2. Adam Wade shuns attachments because he doesn’t want anything to get in the way of his art. Do you think falling in love would cause him to lose his creative fire? Do creative people have to live different lives from most other people in order to practice their art?
3. Adam hates doing formal portraits and yet he agrees to paint Selena Vance because his sister asks him to. Why didn’t he just tell his sister no? Do you have difficulty saying no to family and friends?
4. At the start of the conflict between the North and the South, Kentucky is determined to maintain a neutral policy. Why do you think this turned out to be such an impossible stance for the state to take? Do you think many of the families in the state mirrored the same confusion as their government when the armies began recruiting men?
5. When Adam meets Redmon, the slave tells him “Ever’ man is a prayin’ man if times is bad enough.” Do you think this is true? Did it turn out to be true for Adam?
6. Charlotte feels a strong attachment to her Grayson family land. At one time, nothing seemed as important as holding onto her heritage. What changed that for Charlotte?
7. When Charlotte and Mellie rode into the Shaker village, Mellie said she felt like Jonah getting swallowed by the whale. Was that an apt description of what was about to happen to them, how their life was going to change?
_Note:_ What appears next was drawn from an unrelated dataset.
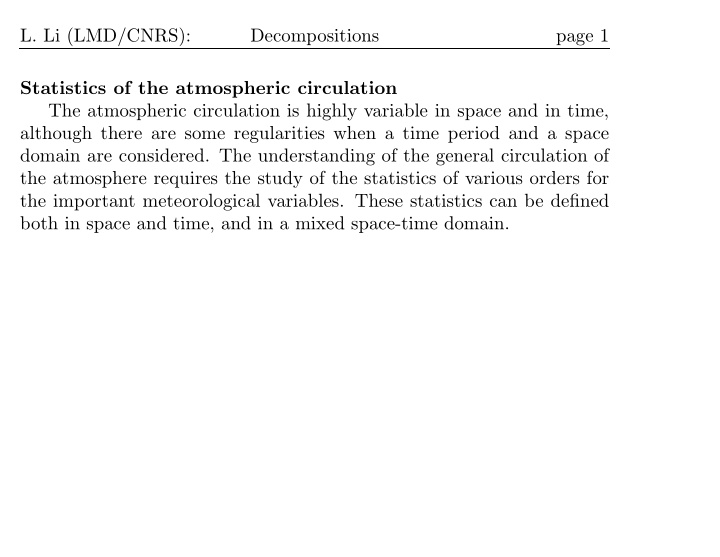 l li lmd cnrs decompositions page 1 statistics of the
8. One of the Shaker sayings is “Hands to work and hearts to God.” The Shakers believed all who lived among them should work if able and do their share of the labor. Why did they think this might be difficult for Charlotte? Why do you think Charlotte found she liked working with her hands?
9. The Shakers wanted no part of war, yet the war came to their doorstep anyway. They fed hundreds of Confederate and Union soldiers. Do you think this generosity of spirit was the reason the armies --- for the most part --- refrained from confiscating the Shakers’ horses and wagons and destroying their crops and fences?
10. Sister Martha tells Charlotte that the foundations of happiness must reside in one’s soul. Do you believe this Shaker saying is true? Do you think Charlotte ever found that sort of happiness?
11. Adam is profoundly affected by what he sees on the battlefields. His brother once told Adam he was an observer, someone who stayed on the sidelines and didn’t get involved. And yet Adam went down into the field of battle to save the foolish young reporter. Why do you think he risked his life to save a man he barely knew?
12. Even though Charlotte never felt drawn toward the Shaker way, she was changed by her time among the Shakers. What things did she learn from the Shakers that made her life better and richer?